50 U.S.C. app. § 39(a). Accordingly, neither Farben, a national of Germany, nor its alleged successor in interest, Makro, may recover the proceeds from the sale of the GAF shares, the ownership of which was vested in the United States pursuant to the Trading with the Enemy Act in 1942 and 1943.

In light of the statutory proscription, Makro argues that it “does not seek for itself a return of any property confiscated by the government ... [or] any of the settlement .proceeds paid to Interhandel. Instead, Plaintiff asserts that the settlement proceeds that Interhandel received from the Government must be distributed to the victims, heirs and survivors of Nazi atrocities.” (PL’s Opp. [D.E. 46] at 5-6.) On this issue, the Supreme Court has held, however, that a “plaintiff generally must assert his own .legal rights and interests, and cannot rest his claim to relief on the legal rights or interests of third parties.” Worth v. Seldin, 422 U.S. 490, 499, 95 S.Ct. 2197, 45 L.Ed.2d 343 (1975).

In this case, the Complaint contains no allegation that any individual Holocaust victim has transferred a chose in action to Makro or that Makro otherwise has legal rights to bring actions on behalf of Holocaust victims or their survivors. Rather, Makro has alleged that it has “legal, contractual, and cognizable rights” to make claims on behalf of itself, Farben, Farberis trustees, and other Farben shareholders. These claims, as discussed above, are barred from recovery under. § 39 of the Trading with the Enemy Act.

Finally, the fact that Makro seeks to prove with its newly discovered evidence— that I.G. Chemie was not an independent Swiss company after 1940 but rather an alter ego of Farben, a.Nazi collaborator— is essentially the same conclusion that the U.S. government reached in 1942 and 1943 when it seized I.G. Chemie’s assets. It is also the same issue that Interhandel and the U.S. government litigated for almost 20 years between 1948 and 1966. Farben was denied leave to intervene in that litigation in 1958, and Makro alleges no facts now demonstrating that it has a right, on behalf of Farben or Farben’s shareholders or trustees, to disrupt the settlement reached by the United States and Inter-handel in 1963.

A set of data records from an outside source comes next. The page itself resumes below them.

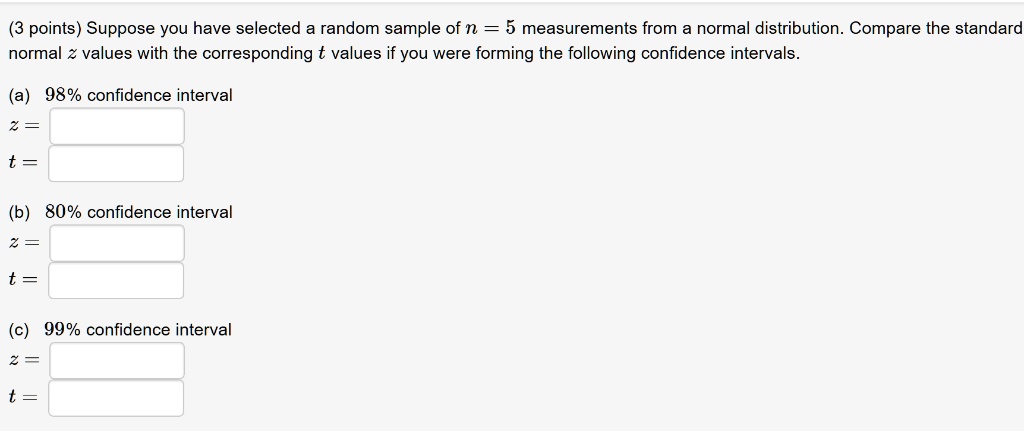 points) Suppose you have selected a random sample of n == 5 ...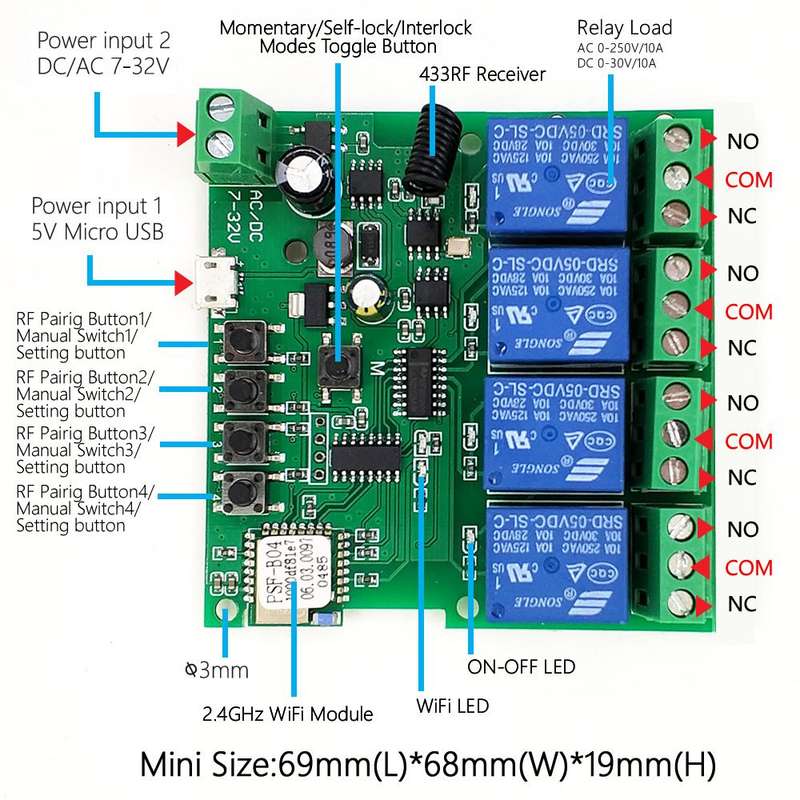 DC WiFi + RF 4-way Switch Module Inching/Momentary/Self-Locking/Interlock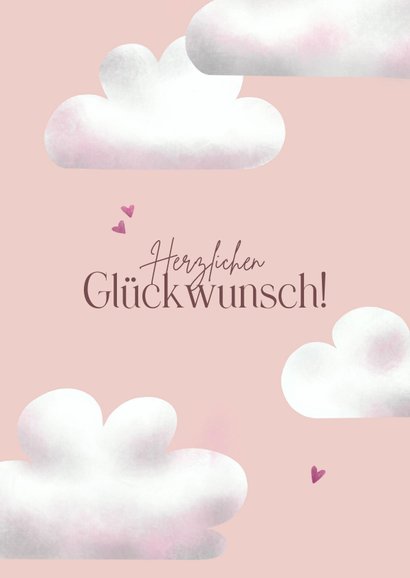 Glückwunschkarte Geburt rosa Bär mit Fallschirm 2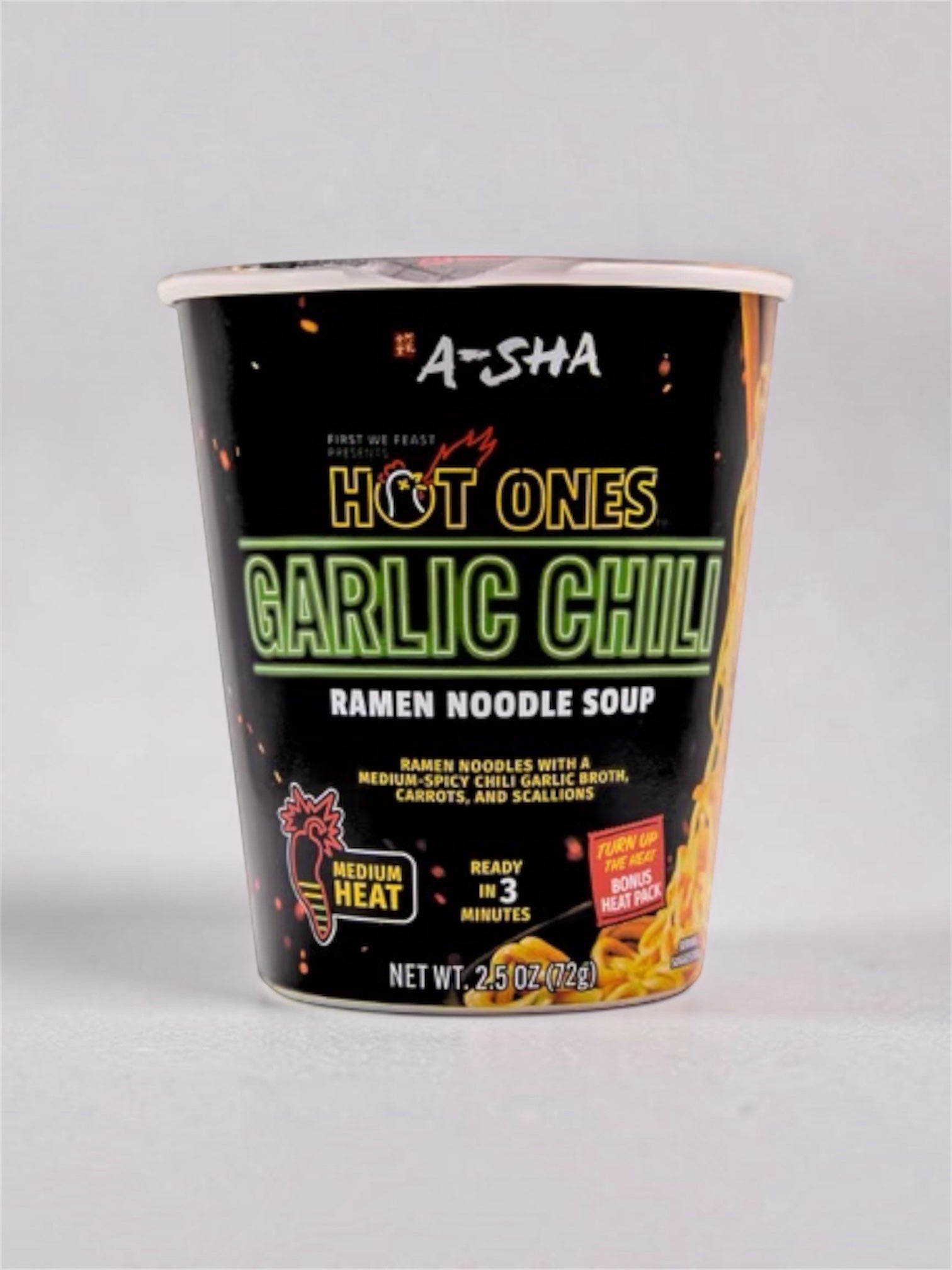A-Sha x Hot Ones Garlic Chili Cup Noodles | Imported from USA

At oral argument, Makro . requested leave to amend to bring its claim as a qui tam action on behalf of the government, arguing, in essence, that Interhandel fraudulently procured the 1963 settlement. The Court will grant Makro’s request to file an amended complaint in an effort to state a viable claim. Accordingly, it is

ORDERED AND ADJUDGED that UBS’s Motion to Dismiss [D.E. 32]’ is GRANTED. The Complaint is DISMISSED WITHOUT PREJUDICE. Makro shall have until June 20, 2005 to file an amended complaint. Failure to file an amended complaint by the above deadline (or any extension thereof) will result in dismissal with prejudice. 
      
      . Makro alleges that the present day value of the $122 million that Interhandel received in 1966 is $1.8 billion. (Compl.$21.)
     
      
      . Makro argues that ownership of the GAF shares themselves was vested in the United States — not the proceeds from the sale of those shares. Therefore, Makro argues, the proceeds are not ‘Vested’' property for purposes of the Trading with the Enemy Act. This argument lacks merit. The Trading with the Enemy Act allows vested property to "be held, used, administered, liquidated, sold, or otherwise dealt with in the interest of and for the benefit of the United States ....” 50 U.S.C. app. § 5(b)(1)(B). Makro cites to no authority supporting its argument that once vested property is auctioned by the government, the proceeds somehow become “unvested” property.